At the beginning of the last century American philosopher George Santayana famously observed: "Those who can't remember the past are condemned to repeat it."
The U.S. House recently confirmed that Santayana's warning about the danger of repeating the history we don't, can't or won't remember applies not only to ordinary mortals in the last century but to members of Congress in this century, too.
Under media radar, the Democrat-sponsored "Prevention of Violent Radicalism and Homegrown Terrorism" bill (H.R. 1955) passed the House at the end of October by a vote of 404 (including the entire Minnesota delegation) to 6. The bill was tagged as noncontroversial by the House leadership and is pending before the Senate. For those senators and citizens who remember history, the bill should be controversial, indeed.
Promoted as a relatively innocuous public safety measure, the bill directs money to the Department of Homeland Security for research on homegrown terrorist-Americans in our midst. While this may seem to make sense, the way the bill describes the "hidden enemy," and the powers inherent in the 10-member investigative commission it establishes, should raise concerns among Americans who remember history, no matter what their political leanings.

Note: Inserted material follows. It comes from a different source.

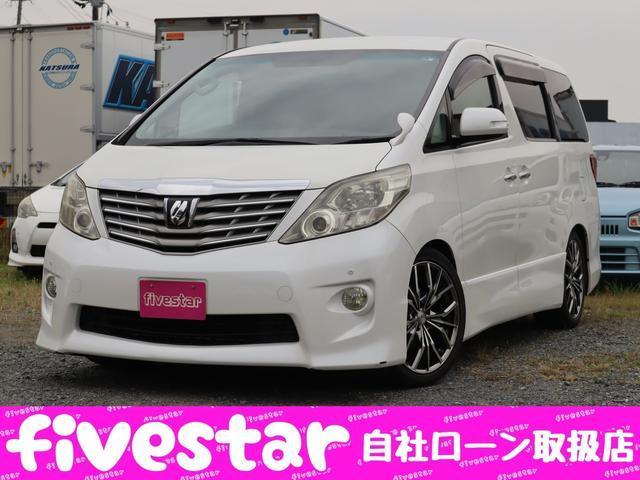 Used Toyota ALPHARD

According to the bill, "homegrown terrorists" can be anyone who "... intimidate(s) or coerce(s) the United States government, the civilian population ... or any segment thereof, in furtherance of political or social belief," a definition broad enough to include Americans who organize mass marches on Washington to "coerce" changes in government policy.
The bill defines "violent radicals" as Americans who "...promot(e) extremist belief system(s) for the purpose of facilitating ideologically based violence to advance political, religious or social change..." - in other words, Americans who have not yet done anything illegal but who, commissioners believe, have thoughts that might lead to violence.
The bill does not target all thoughts (belief systems) that might result in violence, but only thoughts leading to "... force or violence ... to promote political, religious or social beliefs," which is exactly the kind of violence that might result whenever people gather to demonstrate for or against important issues, such as the Iraq war or abortion.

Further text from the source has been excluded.